AKERBP: Update on first quarter 2019 financial results
Aker BP will publish its financial report for the first quarter 2019 on Friday 26 April 2019. The company issues this statement to summarise its production and sales volumes and certain accounting-related topics for the quarter.
The company has routinely announced its quarterly production numbers as part of its investor service. This practice is now being expanded to cover additional topics of relevance for the company’s financial reporting.
Oil and gas production and sales
With effect from first quarter 2019, Aker BP will change its accounting principle for income recognition. Petroleum revenues will from now on be recognized when the petroleum is sold by the company, rather than when the petroleum is produced.
Aker BP’s net production in the first quarter 2019 was 158.7 mboepd and net sold volume was 162.0 mboepd. Production per field is specified below. The volumes are subject to final re-allocation. Numbers may not add due to rounding.
Field | Interest | Operator | Q1-19 | Q4-18 | Q1-18 |
Alvheim | 65% | Aker BP | 43.5 | 43.4 | 40.5 |
Bøyla | 65% | Aker BP | 1.8 | 2.0 | 3.2 |
Gina Krog | 3.3% | Equinor | 2.5 | 2.3 | 1.5 |
Hod | 90% | Aker BP | 0.7 | 0.8 | 1.0 |
Ivar Aasen | 34.8% | Aker BP | 22.5 | 23.3 | 24.4 |
Skarv | 23.4% | Aker BP | 22.6 | 23.5 | 27.1 |
Tambar | 55% | Aker BP | 1.9 | 2.6 | 1.6 |
Ula | 80% | Aker BP | 6.2 | 5.8 | 6.5 |
Valhall | 90% | Aker BP | 45.2 | 38.8 | 33.5 |
Vilje | 46.9% | Aker BP | 3.8 | 3.3 | 5.1 |
Volund | 65% | Aker BP | 7.8 | 9.7 | 14.1 |
Other | 0.3 | 0.3 | 0.1 | ||
Net production | 158.7 | 155.7 | 158.6 | ||
Over/underlift | 3.3 | -4.2 | 8.7 | ||
Net sold volume | 162.0 | 151.5 | 167.3 | ||
– of which liquids | 128.8 | 119.7 | 132.3 | ||
– of which natural gas | 33.2 | 31.8 | 35.0 |
Impairment of technical goodwill
The company expects to make an impairment charge in the first quarter 2019 of approximately USD 70 million related to technical goodwill. As there is no deferred tax associated with technical goodwill, the effective tax rate for the first quarter is expected to be higher than normal due to this impairment.
Implementation of IFRS 16 Leases
The accounting standard IFRS 16 Leases was effective from 1 January 2019. The standard introduces a single on-balance sheet accounting model for all leases, which results in the recognition of a lease liability and a right of use asset («RoU asset”) in the balance sheet.

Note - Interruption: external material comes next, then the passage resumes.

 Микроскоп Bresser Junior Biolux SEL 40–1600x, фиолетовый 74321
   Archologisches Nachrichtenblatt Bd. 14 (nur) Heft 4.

The lease liability and corresponding RoU asset amount to approximately USD 390 million at initial recognition on 1 January 2019. Existing onerous lease contract values of approximately USD 150 million reduces the value of the corresponding RoU asset. No impact on equity is recognized upon transition.
The IFRS 16 impact on the income statement is expected to be immaterial in first quarter 2019, as the majority of the RoU assets are used in activities not charged to the income statement, such as field development (including production drilling) and plugging and abandonment. The main impact on the statement of cash flows is that lease payments will now generally be presented under financing activities instead of operating or investing activities.
Currency and hedging effects
The company’s financial results are normally sensitive to changes in the USD/NOK currency exchange rate. In the first quarter the exchange rate was relatively stable and the company does not expect any significant currency effects for the period.
Due to an increase in oil prices in the first quarter, the company’s oil hedging positions incurred a cost of approximately USD 26 million, which will be charged to Other income for the first quarter. Gains and losses on hedging are subject to corporate tax only.
Disclaimer
The information in this statement is based on a preliminary assessment of the company’s first quarter 2019 financial results. The company has not completed its financial reporting and related review and control procedures. The estimates provided may therefore be subject to change and the financial statements finally approved and released by the company may deviate materially from the information herein.